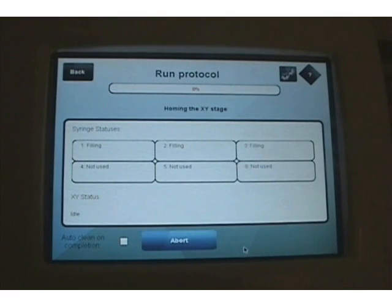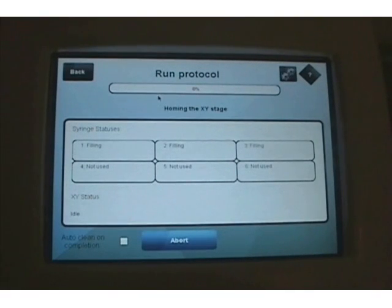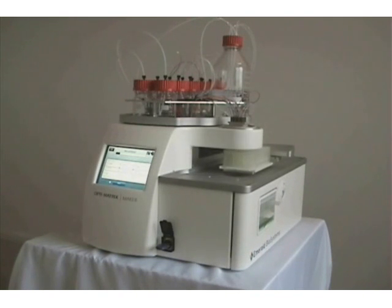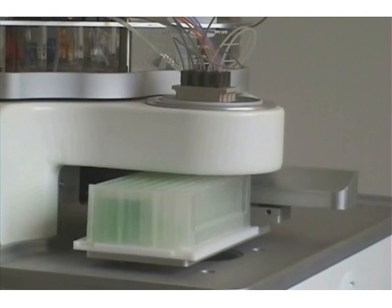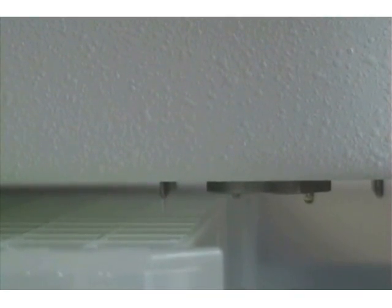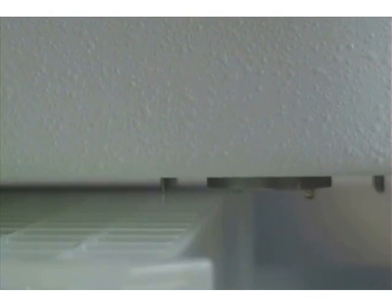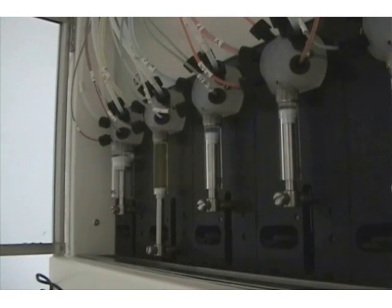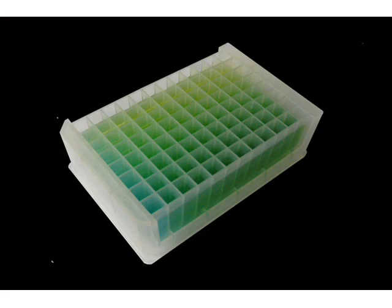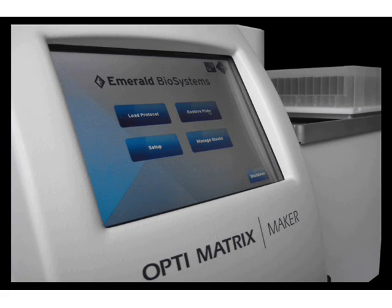That's all there is to it. The screen provides a constant update throughout production to let you know what each of the syringes are doing and what action is taking place, including a bar at the top indicating how much of the screen has been produced as a percentage. It also provides a box to click in the lower left corner to automatically clean the instrument when it completes the run. From this point on, the OptiMatrixMaker takes care of everything — you can move on to your other work around the lab. Total time depends on target volume, number of conditions produced, and number of stocks used in each well. One syringe fills while the other pumps, so there is never any downtime. Here is the finished product: a complete optimization screen ready for crystallization experiments, and it took only a matter of minutes from initial design to completed production.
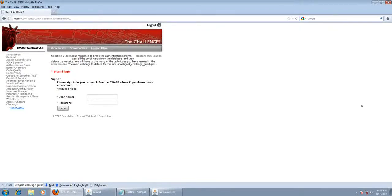Hi guys, today I'm going to show you how to do the three-part WebGoat challenge, and I'm going to give you a bit of an explanation on how it's working and why it's doing what it's doing.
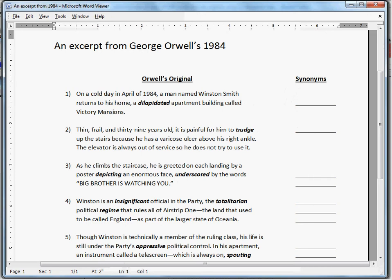Today, we will show how students can use the Visual Thesaurus to more thoroughly investigate the word trudge, determining its definition, associations, and examples of its use. First, the word trudge.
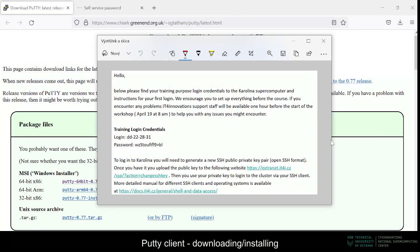So let's create one. First, we need to download an SSH client that will handle the connection for us, such as Putty. Our email will contain an address where to download it.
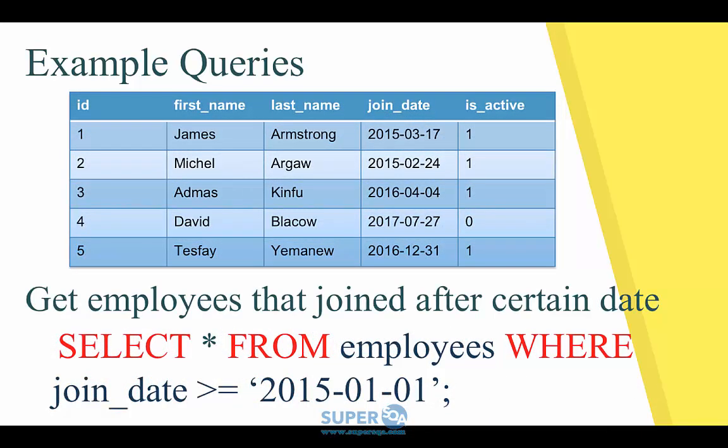A condition is when you use the WHERE clause. For example, we want to get employees whose join date is above a certain date. So you say SELECT * FROM employees WHERE join_date >= '2015-01-01'. In this case, out of the five people, it looks like everybody has a join date above January 1st 2015, so it will return everything. But you get the point — you specify some kind of condition and you'll get the result.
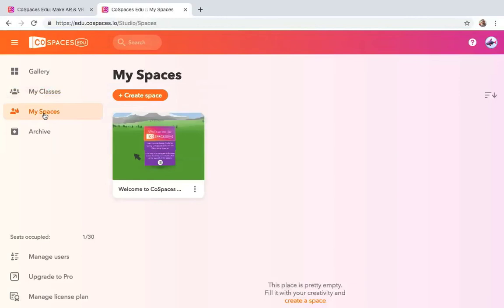So for this first little activity that I have set for you, we're just going to get ourselves this account. So after you get your account, we'll move on to other activities where we'll learn how to integrate this into our classrooms to pull out our content in a really creative and exciting way.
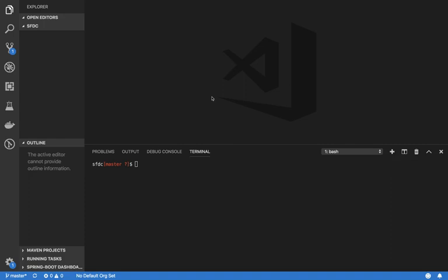Hi everyone, today we are going to go through how we can create a lightning component against a regular developer edition sandbox without using scratch orgs. I already have signed up for a personal developer edition. The first step is to create a DX project.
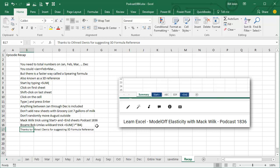Now, if you go back to a great model off podcast, episode 1836, where Mac Wilk showed his favorite trick of two blank sheets, one called start, one called end. That way he knows everything between those are the ones being added up. And then Bob Umlas's cool wildcard trick that I just showed you.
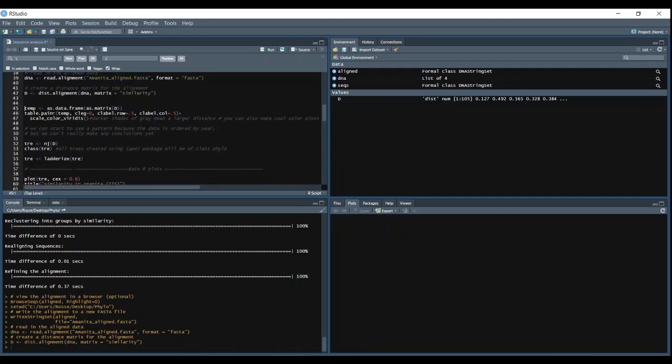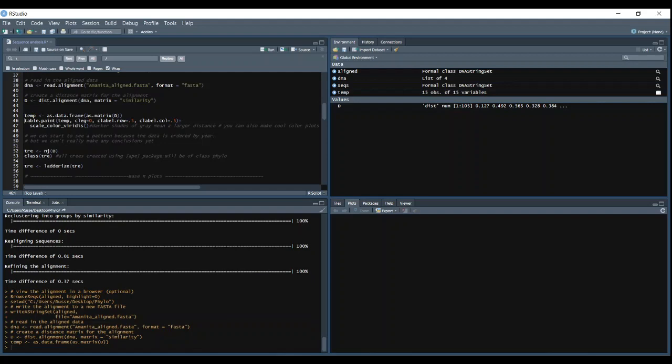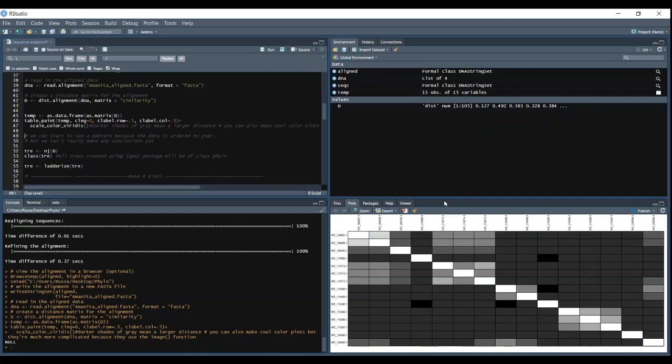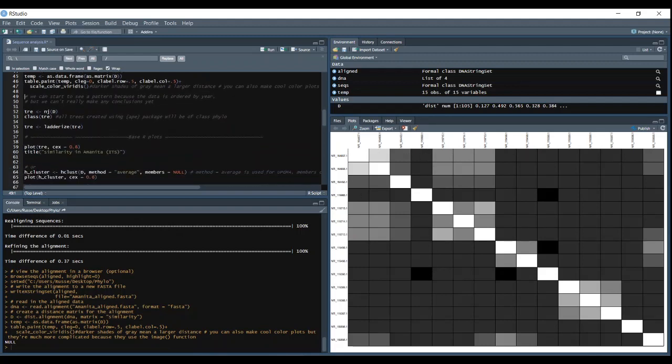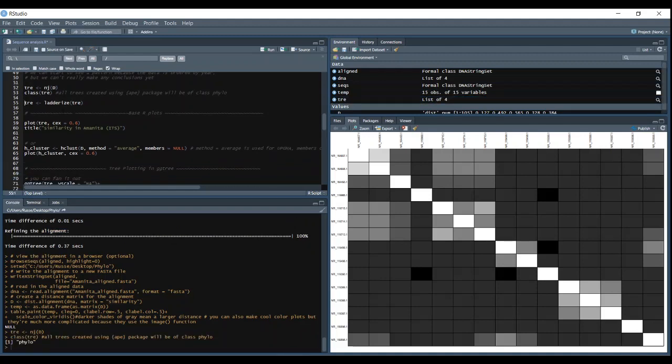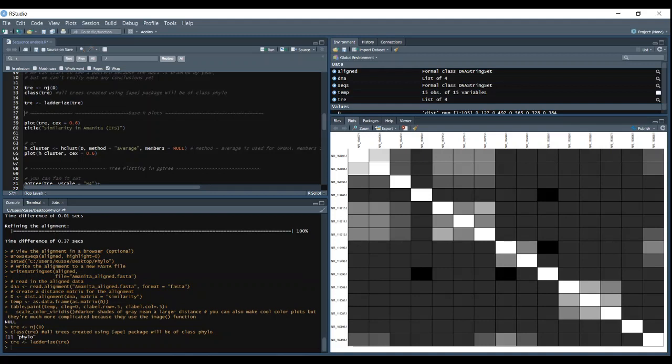And then we can turn our distance matrix into a data frame and run table paint. So basically what this does is it shows darker values as more distant sequences and then lighter values as closer sequences. You can see on our x and y axis there's a table of our sequences and then how far or close they are to each other. And then we can start making our tree. So we use the nj function for our distance matrix class tree to turn it into a phylo object. And then we ladderize based on our distance matrix phylo object data.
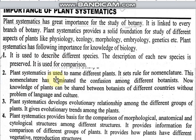The next point is that plant systematics is used to name different plants. It sets rules for nomenclature, and each plant is given a botanical name through this system.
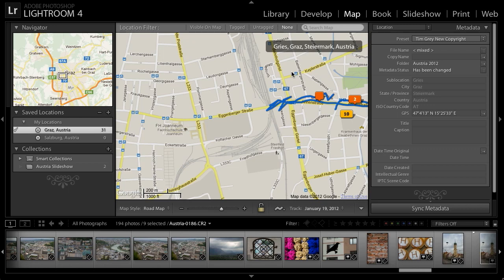As you can see, it's quite easy to work with the map module in Lightroom. Whenever I'm photographing on a trip, I like to make use of the map module both for organizing my images and simply to browse through the locations I've traveled to. It can be a lot of fun, and of course very helpful as well.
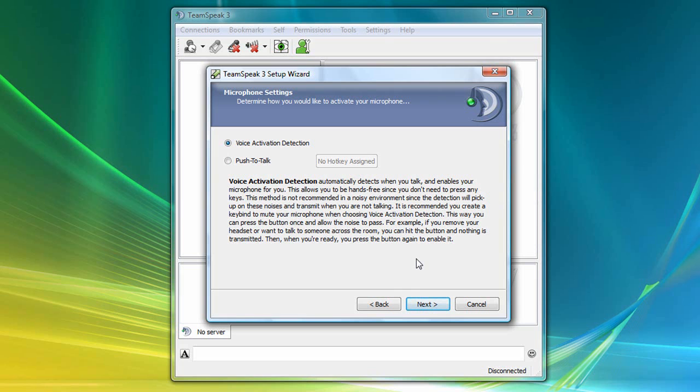If you're in a noisy environment, or you want to control precisely when you are transmitting your voice to others, you may want to choose the push-to-talk option. However, for the purpose of this tutorial, I'll choose voice activation and click Next.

Work to complete
Repeat the lines of the listing above verbatim, beginning at its first line and ending at the line containing "A condition is", which is included. Omit pictures.

Written solution
That's all there is to it. The screen provides a constant update throughout production to let you know what each of the syringes are doing and what action is taking place, including a bar at the top indicating how much of the screen has been produced as a percentage. It also provides a box to click in the lower left corner to automatically clean the instrument when it completes the run. From this point on, the OptiMatrixMaker takes care of everything — you can move on to your other work around the lab. Total time depends on target volume, number of conditions produced, and number of stocks used in each well. One syringe fills while the other pumps, so there is never any downtime. Here is the finished product: a complete optimization screen ready for crystallization experiments, and it took only a matter of minutes from initial design to completed production.
Hi guys, today I'm going to show you how to do the three-part WebGoat challenge, and I'm going to give you a bit of an explanation on how it's working and why it's doing what it's doing.
Today, we will show how students can use the Visual Thesaurus to more thoroughly investigate the word trudge, determining its definition, associations, and examples of its use. First, the word trudge.
So let's create one. First, we need to download an SSH client that will handle the connection for us, such as Putty. Our email will contain an address where to download it.
A condition is when you use the WHERE clause. For example, we want to get employees whose join date is above a certain date. So you say SELECT * FROM employees WHERE join_date >= '2015-01-01'. In this case, out of the five people, it looks like everybody has a join date above January 1st 2015, so it will return everything. But you get the point — you specify some kind of condition and you'll get the result.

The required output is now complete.